2. Professional clients
Many lenders are starting to enhance affordability for ‘professional' clients. The acceptable occupations vary between lenders, but generally speaking the list has expanded way beyond, just doctors, dentists, solicitors, etc. Again, some lenders have the question on their calculator, whilst others will require a conversation, but these lenders can be a good choice for a suitable client.
3. Limited company directors
The self-employed have been hit fairly hard by lenders in recent years, but a limited company director has seven different ways their income can be looked at – so, in many ways, they have more options than any class of borrower. This is mainly based around the use of retained profit, but there are now at least five lenders that will take net profit before tax plus salary, so always look at all the options for clients. It’s often worth talking to your accountant connections to demonstrate how you can help their clients.
4. CIS contractors
There are now 10 lenders that take the gross weekly wage for CIS contractors and treat the client as employed, which often means an annual income of circa £50,000 being used for affordability, rather than a typical net profit figure of circa £35,000-37,000 – and this obviously increases the loan size available.
5. Higher incomes
Clients with incomes of more than £100,000 are very well catered for with 16+ lenders allowing five times income and at least six allowing up to 5.5 times. These clients do need a decent deposit, but their extra net disposable income is recognised by an increasing number of lenders. So always check with those lenders happy to help.

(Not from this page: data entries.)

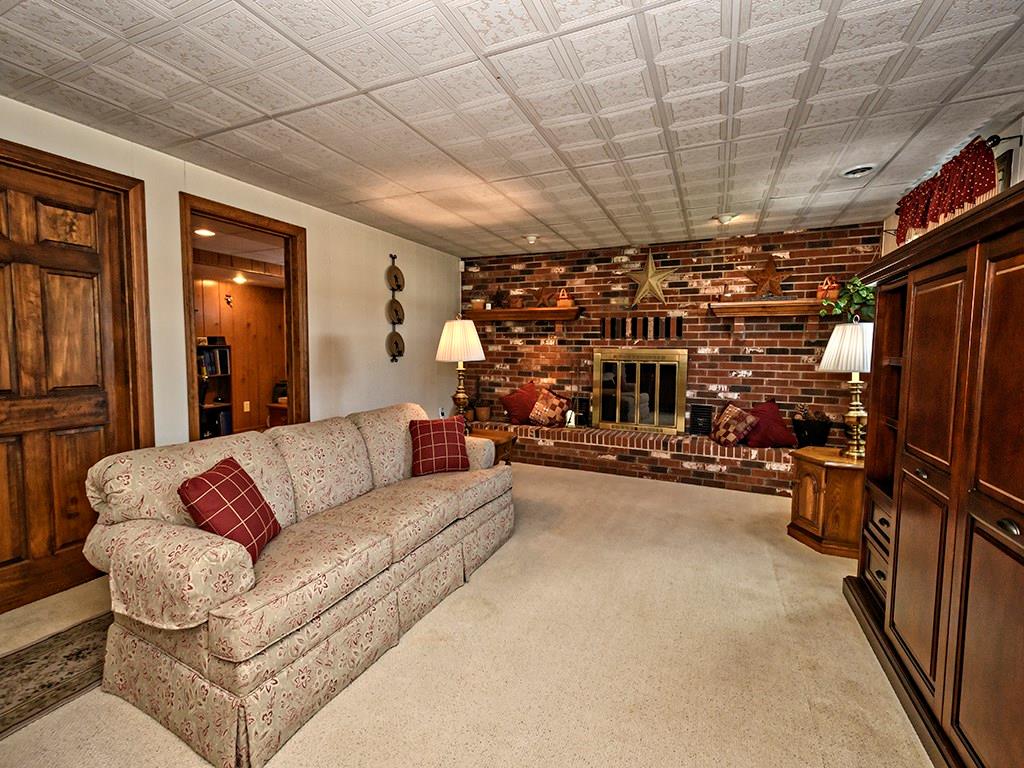 303 Kings Road Apollo, PA 15613 - Photo 13 of 24 The fabulous family room offers warmth and coziness for relaxing in the evening. Doorway to the left leads to the designated den/home office!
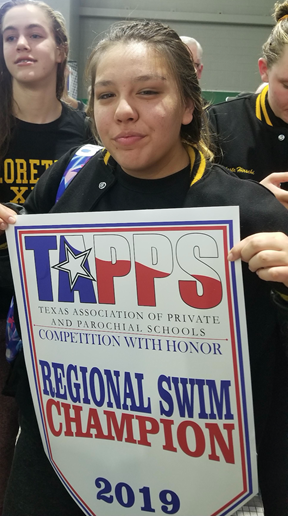 Analia Cortez celebrating the Loretto Swim Team’s Regional Victory 2019. Analia’s constant commitment to swimming has earned her the honor of Athlete of the Month.

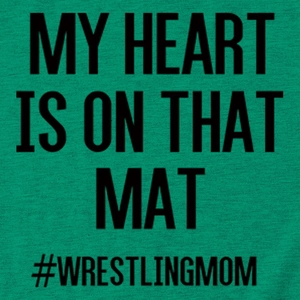 Detail shot of the wrestling mom slogan print on green cotton fabric with knit texture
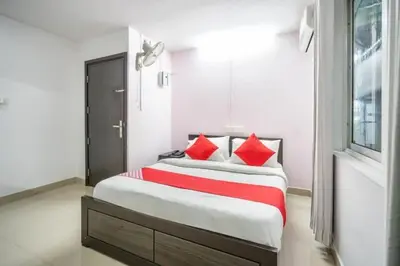 a bedroom with a large bed with red pillows at MALAPPURAM RESIDENCY in Malappuram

6. Like-for-like remortgages
Where a client is looking to just swap lenders on their existing mortgage balance and not raise any extra funds, many lenders will allow up to 5.5 times income. Many are so-called 'mortgage prisoners' and may not be helped under that scheme but could find a lender that might help. This is especially true for clients on lower incomes, who are not eligible for the higher income multiples described above but can now have access to new rate different lenders. This is excellent news for those who are currently paying their lender’s SVR, with the possibility of rates rising still further.
So, as you can see there are many ways of enhancing affordability for clients today, but you do of course have to have been able to recognise all these options across the market. The only accurate way of doing this is to make use of technology and let an affordability platform do the heavy lifting for you. Just make sure it’s a platform that covers all of these options as some will be more comprehensive than others.